Having sufficiently treated of the Cross itself and of Stakes used for crucifixion, it now remains in this latter part of the chapter to inquire into the modes of suspending from the same; that is to say in what ways the Blessed Martyrs and champions of the Holy Gospel were hung therefrom by the Heathen. For both various and horribly cruel are the methods of hanging, the which we find them suffering at the caprice of their tormentors. Of some we read how they were suspended by one foot only, others by both feet, or else (as Nicephorus describes in his History) by one foot drawn up to the level of the head, a slow fire being kindled underneath in such wise as to suffocate them with the smoke coming from the burning fuel. Yet others were suspended by the arms, both or only one, or else by the tips of the thumbs, heavy and unconscionable weights being attached at the same time to the feet. Of others again we find it recorded that they were suspended hanging from a high wall, stones being fastened to neck and feet, or ropes bound to their bodies, their shoulders loaded with great lumps of salt, and for their greater torment wooden gags being put in their mouth. It is stated further of certain others, how that they were anointed with honey, and so attached to upright stakes under a blazing sun, to be tortured by the stings of flies and bees. Others are said to have been suspended from iron hooks, or from a noose, till they were dead, being hanged in fact in the same way as robbers and murderers are put to death in our own days. Last of all, they were tied up to pillars, their faces turned toward each other, with the feet not reaching the ground, or else hung up by the hair, as was often done to women contending for the Faith of Christ.

Of all these several modes the Acts of the Blessed Martyrs make frequent mention—of the first in especial the Acts of St.
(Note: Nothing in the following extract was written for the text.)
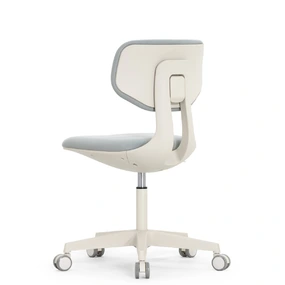 Эргономичное кресло Falto Rookie (регулируемая спинка, ткань, каркас светлый, серый)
Gregory, Bishop of Armenia.

Christian women, likewise, were often hung up by one foot the whole day long (as Eusebius, Ecclesiastical History, doth bear witness), in such a way that not even their privy parts were covered, for to show the greatest possible scorn of Christ’s holy Religion.
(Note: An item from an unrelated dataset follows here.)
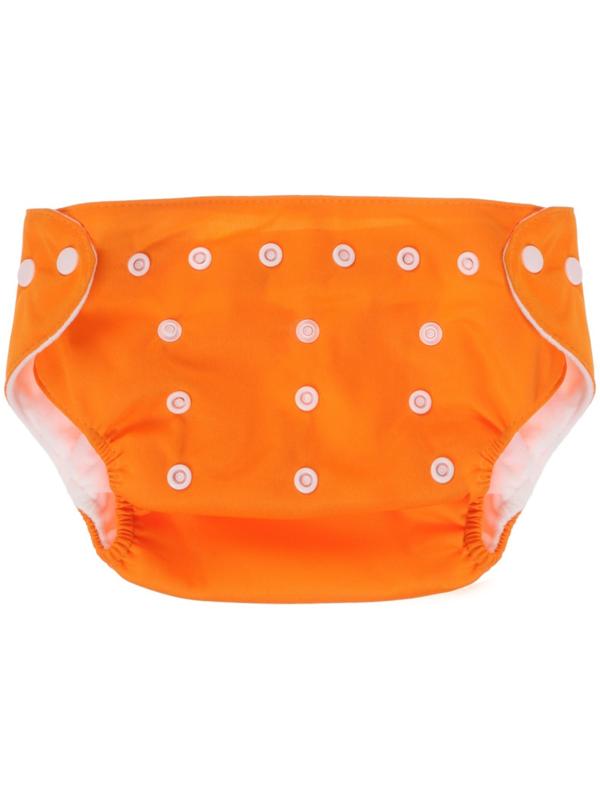 Многоразовый подгузник, 3-15 кг, цвет оранжевый, Крошка Я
However, as concerns the modes wherein the Martyrs were tortured by suspension, these were many and divers. Sometimes they were simply hung up by one foot, while at others smoke from damp and evil-smelling fuel, such as the dung of animals, was added to increase the agony, and to crown all, a dozen executioners thrashing the victim at the same time with rods. In other instances they were suspended by one foot, the leg being bent at the knee and an iron band fixed round that joint, and then an iron weight fastened to the other foot in such a way that the unhappy victims were miserably strained asunder. Thus in the Acts of St. Samona we find it thus written: “But the Magistrate at once orders Samona to have one leg bent at the knee and an iron band put around the joint. This done, he hangs him head down by the foot of the bent leg, at the same time dragging the other downwards by means of an iron weight.”

Of Martyrs which suffered by the first of these modes of torment, we read amongst others the names of those most noble soldiers of Christ mentioned a little above, St. Gregory of Armenia and St. Samona.
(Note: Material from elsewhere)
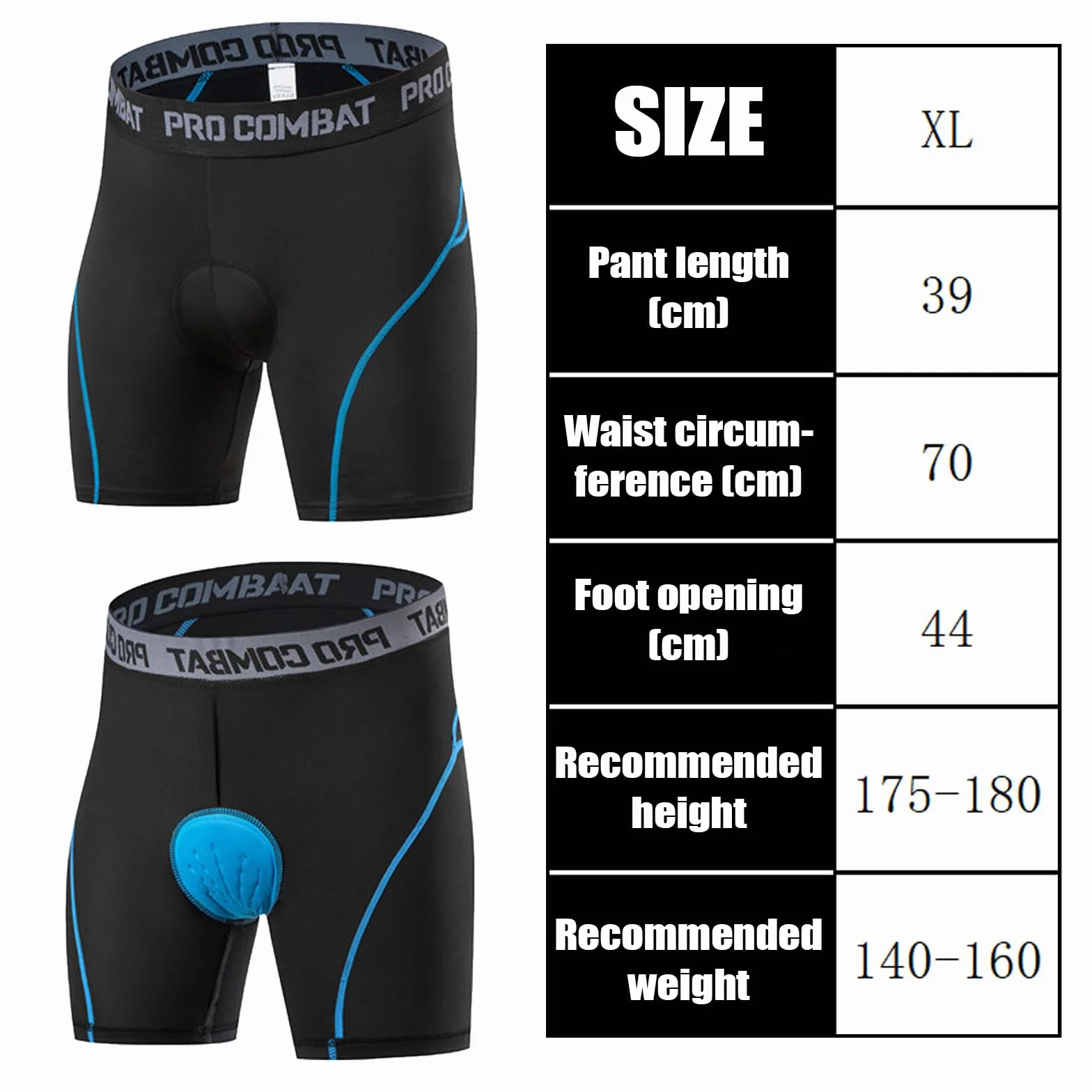 BDSHUNBF Culotte Ciclismo Hombre - Pantalón Corto Acolchado 3D para MTB y Bicicleta, Cómodo y Transpirable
As to the second mode, whereby the victims were hung up by both feet, sundry Acts of the Saints speak of this,—for example, those of St. Venantius, of the holy Virgins Euphemia and her sisters, of Bishop Acepsima and his companions. Also the Cappadocian Martyrs, a great host commemorated in the Roman Martyrology, under May 23, where it is thus written: “In Cappadocia, commemoration of the Blessed Martyrs which in the persecution of Maximianus were slain and their limbs broken; likewise of those which at the same date in Mesopotamia were hung aloft by the feet head down, suffocated with smoke, and consumed over a slow fire, and so fulfilled their Martyrdom.”

But verily it was not in one way only, but in many and divers, that the Martyrs were suspended by these Servants of the Devil (as may be gathered from the Acts above quoted) and tormented. For sometimes they were suffocated with smoke; sometimes their heads pounded with hammers by their executioners; sometimes great stones fastened round their necks; sometimes again cruelly burned with blazing torches.

In the first of these ways many Christians are known to have suffered in the region of Mesopotamia; in the second, Euphemia, Thecla, Erasma, and Dorothea, most noble Virgins and Martyrs of Christ; in the third, Saints Theopompus, Mercurius and the already mentioned Venantius.